—Me voy porque mi marido debe estar por ahí buscándome.
Con eso Yarledy salió hacia su casa. Tomó el camino que pasaba por Safari y notó que la discoteca estaba cerrada. Entre semana Safari cerraba a las doce. Eran las nueve. Afuera había una multitud.
Hay un muerto, pensó Yarledy.
Intentó mirar quién podría ser, pero se detuvo. No, mejor no ir por allá. Retomó el camino a casa, pero una corazonada se le quedó atorada en la garganta. Con cada paso se hacía más difícil ignorarla, apretaba más, no dejaba que el aire pasara. En casa no estaba su marido, solo estaba doña Elvia, la dueña de la casa.
—¿Jhon no me ha venido a buscar? — preguntó Yarledy.
Doña Elvia respondió que no. Yarledy sintió cómo se le estrechaba la garanta, el aire no entraba, solo salía.
Nosotros por acá no queremos maricas, Jhon. Tal vez eran esas las palabras que le oprimían la garganta. Palabras ajenas, palabras que los habían obligado a salir de Solita a Puerto Rico.
Llegó el esposo de doña Elvia, el sepulturero de Puerto Rico.
—Ole, Pinina —le dijo a Yarledy—, vaya recoja su marido que allá lo dejaron tirado en la Safari.
Ella lo miró. Él hacía chistes así, chanzas sombrías.
—No joda —le respondió—. No es verdad.
—Vaya a verlo.
Fue un tiro en la sien. Entró por un lado y salió por el otro.
Encontró a Jhon bocabajo, a dos metros de la mesa en la que todavía había media caja de aguardiente sin terminar. Al verlo, Yarledy se quedó sin aliento. El aire no entraba, no salía, en su pecho no había nada, no quedaba nada.
—Todo el día le dieron trago dos muchachos —dijo el agente de policía—, no sabemos quiénes eran. Por ahí pasaban al baño, a lo último uno le puso la mano en el hombro, sacó el revólver y le pegó el tiro. Se fueron en moto.
En Solita los guerrilleros le habían dicho marica a Jhon por enamorarse de una travesti sin operar. Los habían obligado a huir de Solita, a dejarlo todo. Yarledy, no le queremos matar a su marido, a su pareja, había dicho el comandante. Le damos dos días para que se vaya de este pueblo, para que usted no tenga ese dolor. Les habían hecho caso, se habían ido y aun así…
—Señora, usted es la pareja, ¿cierto? —dijo el agente—. Nos lo vamos a llevar a la morgue, pero mañana puede visitarlo.

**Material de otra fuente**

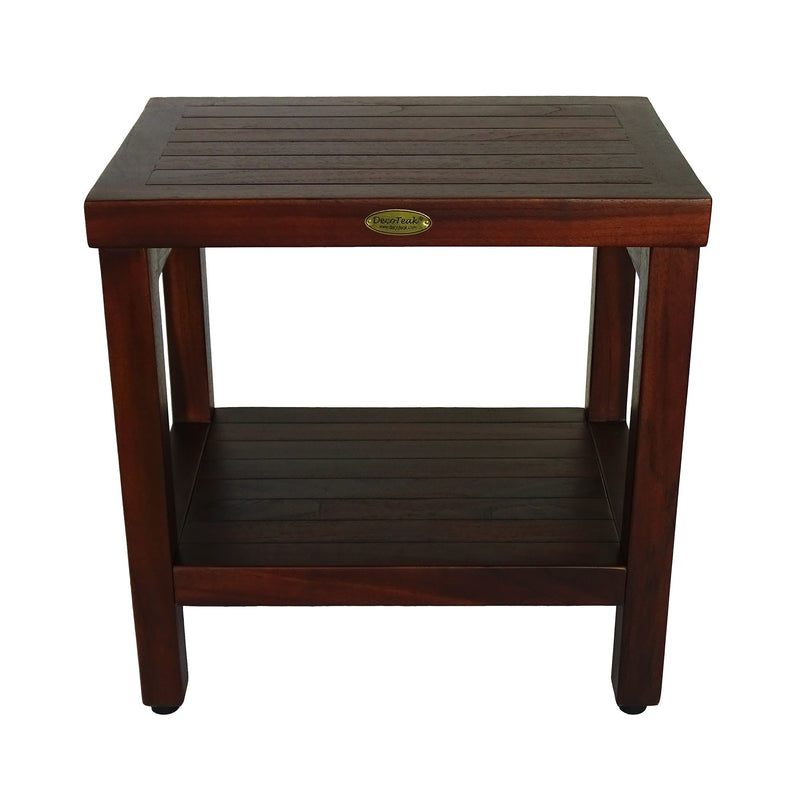 DecoTeak Classic 18" Teak Shower Bench with Shelf DT114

Se llevaron el cuerpo. Lo montaron a un carro y se lo llevaron. Yarledy salió de la discoteca, dio un par de pasos y se sentó en una piedra cercana. Sintió que el pecho se le iba a estallar. Rompió a llorar. Se habían ido de Solita, habían vivido sin molestar a nadie como cualquier otra pareja, se habían amado. Al final no había hecho una diferencia.
La primera vez que Jhon la bsó, Yarledy estaba terminando un corte. Alguien la cogió por detrás y con cuidado le volvió la cara. Jhon le dio un beso en los labios y le preguntó si quería tomar algo. Invitó a todas las de la peluquería a cerveza y los dos pasaron el resto de la tarde juntos.
Se habían amado.
Se habían amado y, al final, eso había hecho toda la diferencia.